Excerpted records:
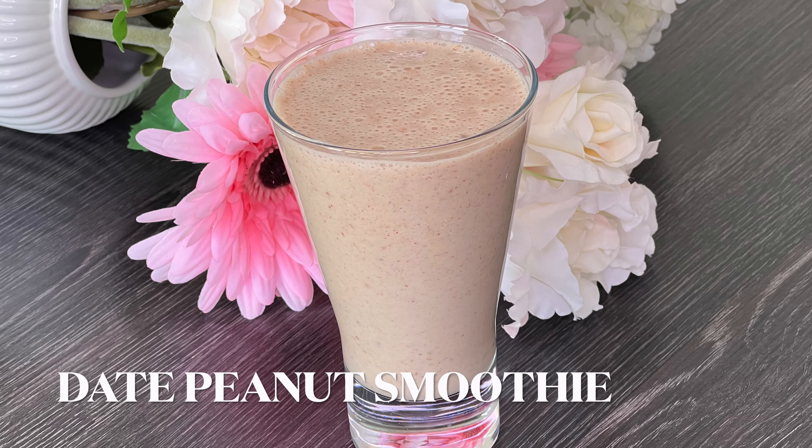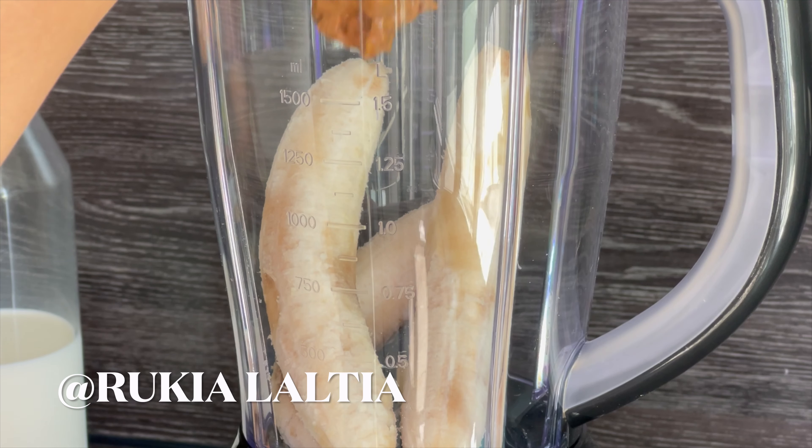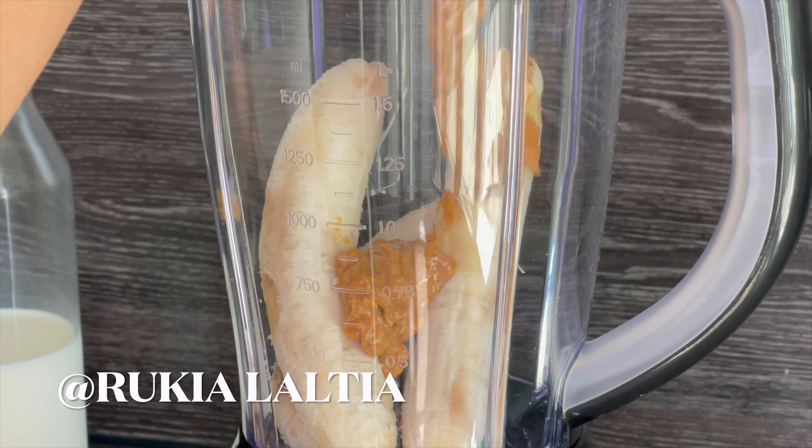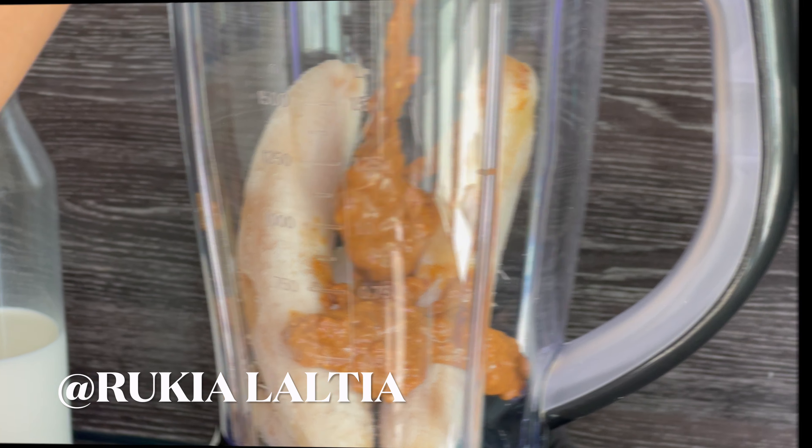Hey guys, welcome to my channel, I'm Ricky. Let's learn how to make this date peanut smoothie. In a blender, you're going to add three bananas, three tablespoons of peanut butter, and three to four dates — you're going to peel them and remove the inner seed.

* * *

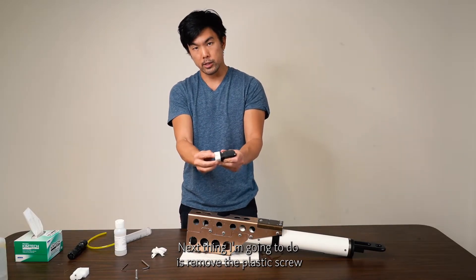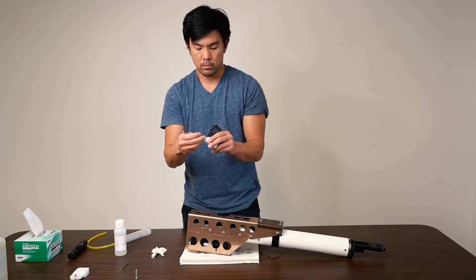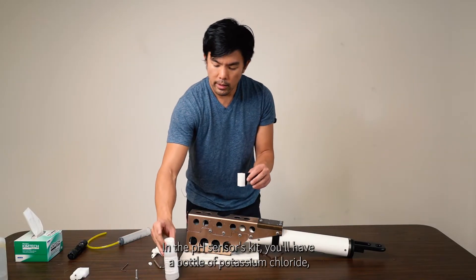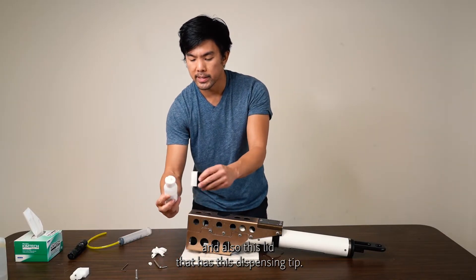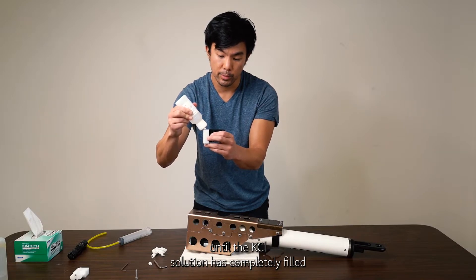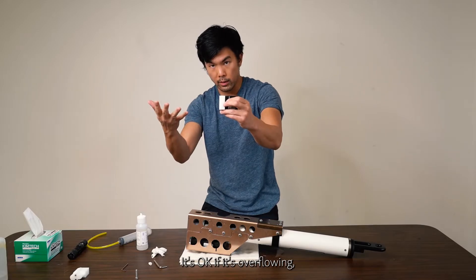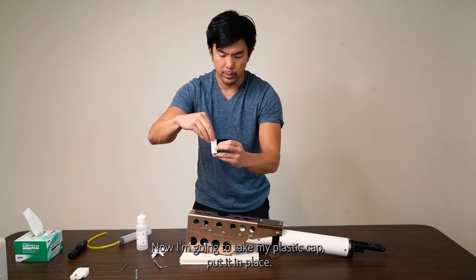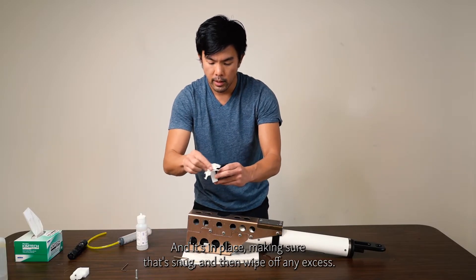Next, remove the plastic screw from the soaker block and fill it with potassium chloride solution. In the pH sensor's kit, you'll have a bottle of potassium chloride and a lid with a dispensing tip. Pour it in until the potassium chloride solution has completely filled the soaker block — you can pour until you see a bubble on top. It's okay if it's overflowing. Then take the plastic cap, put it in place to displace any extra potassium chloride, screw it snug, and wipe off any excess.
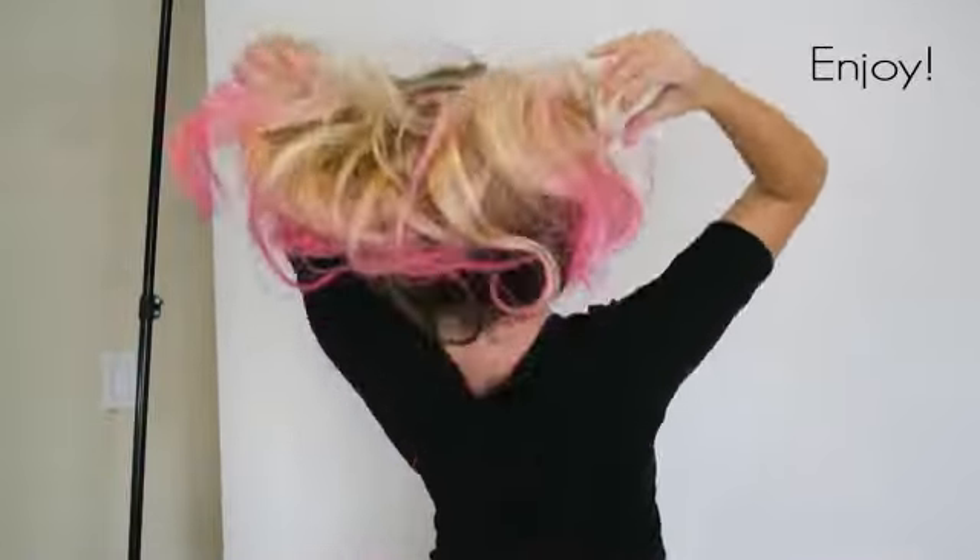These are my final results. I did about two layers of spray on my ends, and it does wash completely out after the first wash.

---

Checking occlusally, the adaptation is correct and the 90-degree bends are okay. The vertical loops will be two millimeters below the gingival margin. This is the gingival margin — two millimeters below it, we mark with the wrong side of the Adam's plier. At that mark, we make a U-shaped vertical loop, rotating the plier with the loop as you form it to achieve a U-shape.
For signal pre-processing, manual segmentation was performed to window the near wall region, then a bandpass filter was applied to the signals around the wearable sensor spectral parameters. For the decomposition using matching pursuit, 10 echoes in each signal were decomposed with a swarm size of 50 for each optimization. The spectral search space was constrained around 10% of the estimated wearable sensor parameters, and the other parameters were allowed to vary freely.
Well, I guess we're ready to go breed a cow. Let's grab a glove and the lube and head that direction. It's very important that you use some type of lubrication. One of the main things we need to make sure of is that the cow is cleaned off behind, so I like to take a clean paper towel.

Task instructions: Among the entries above, find the line with "Checking occlusally, the" and the line with "Well, I guess"; give again exactly these two lines and all lines between them.

The completed task:
Checking occlusally, the adaptation is correct and the 90-degree bends are okay. The vertical loops will be two millimeters below the gingival margin. This is the gingival margin — two millimeters below it, we mark with the wrong side of the Adam's plier. At that mark, we make a U-shaped vertical loop, rotating the plier with the loop as you form it to achieve a U-shape.
For signal pre-processing, manual segmentation was performed to window the near wall region, then a bandpass filter was applied to the signals around the wearable sensor spectral parameters. For the decomposition using matching pursuit, 10 echoes in each signal were decomposed with a swarm size of 50 for each optimization. The spectral search space was constrained around 10% of the estimated wearable sensor parameters, and the other parameters were allowed to vary freely.
Well, I guess we're ready to go breed a cow. Let's grab a glove and the lube and head that direction. It's very important that you use some type of lubrication. One of the main things we need to make sure of is that the cow is cleaned off behind, so I like to take a clean paper towel.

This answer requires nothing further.